Dry bubble, caused by Lecanicillium fungicola, is one of the most detrimental diseases affecting button mushroom cultivation. In a previous study, we demonstrated that breeding for resistance to this pathogen is quite challenging due to its quantitative inheritance. A second-generation hybrid progeny derived from an intervarietal cross between a wild strain and a commercial cultivar was characterized for L. fungicola resistance under artificial inoculation in three independent experiments. Analysis of quantitative trait loci (QTL) was used to determine the locations, numbers, and effects of genomic regions associated with drybubble resistance. Four traits related to resistance were analyzed. Two to four QTL were detected per trait, depending on the experiment. Two genomic regions, on linkage group X (LGX) and LGVIII, were consistently detected in the three experiments. The genomic region on LGX was detected for three of the four variables studied. The total phenotypic variance accounted for by all QTL ranged from 19.3% to 42.1% over all traits in all experiments. For most of the QTL, the favorable allele for resistance came from the wild parent, but for some QTL, the allele that contributed to a higher level of resistance was carried by the cultivar. Comparative mapping with QTL for yield-related traits revealed five colocations between resistance and yield component loci, suggesting that the resistance results from both genetic factors and fitness expression. The consequences for mushroom breeding programs are discussed. © 2012, American Society for Microbiology.
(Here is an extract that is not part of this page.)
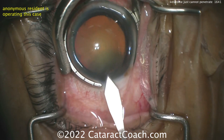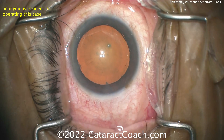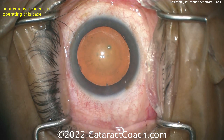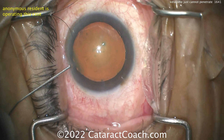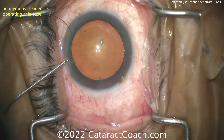I think the technique's okay. I think the problem is the blade itself. A lot of times the scrub tech may open those blades and put it on the OR tray, on the Mayo stand, and that tip hits the table and gets dull. Or maybe it's a keratome you've used for multiple surgeries already — it's already too dull. It needs to be replaced.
Foulongne-Oriol M.,French National Institute for Agricultural Research | Rodier A.,Center Technique du Champignon | Rousseau T.,Center Technique du Champignon | Savoie J.-M.,French National Institute for Agricultural Research
Applied and Environmental Microbiology | Year: 2012

As in other crops, yield is an important trait to be selected for in edible mushrooms, but its inheritance is poorly understood. Therefore, we have investigated the complex genetic architecture of yield-related traits in Agaricus bisporus through the mapping of quantitative trait loci (QTL), using second-generation hybrid progeny derived from a cross between a wild strain and a commercial cultivar. Yield, average weight per mushroom, number of fruiting bodies per m2, earliness, and cap color were evaluated in two independent experiments. A total of 23 QTL were detected for 7 yield-related traits. These QTL together explained between 21% (two-flushes yield) and 59% (earliness) of the phenotypic variation. Fifteen QTL (65%) were consistent between the two experiments. Four regions underlying significant QTL controlling yield, average weight, and number were detected on linkage groups II, III, IV, and X, suggesting a pleiotropic effect or tight linkage. Up to six QTL were identified for earliness. The PPC1 locus, together with two additional genomic regions, explained up to 90% of the phenotypic variation of the cap color. Alleles from the wild parent showed beneficial effects for some yield traits, suggesting that the wild germ plasm is a valuable source of variation for several agronomic traits. Our results constitute a key step toward marker-assisted selection and provide a solid foundation to go further into the biological mechanisms controlling productive traits in the button mushroom. © 2012, American Society for Microbiology.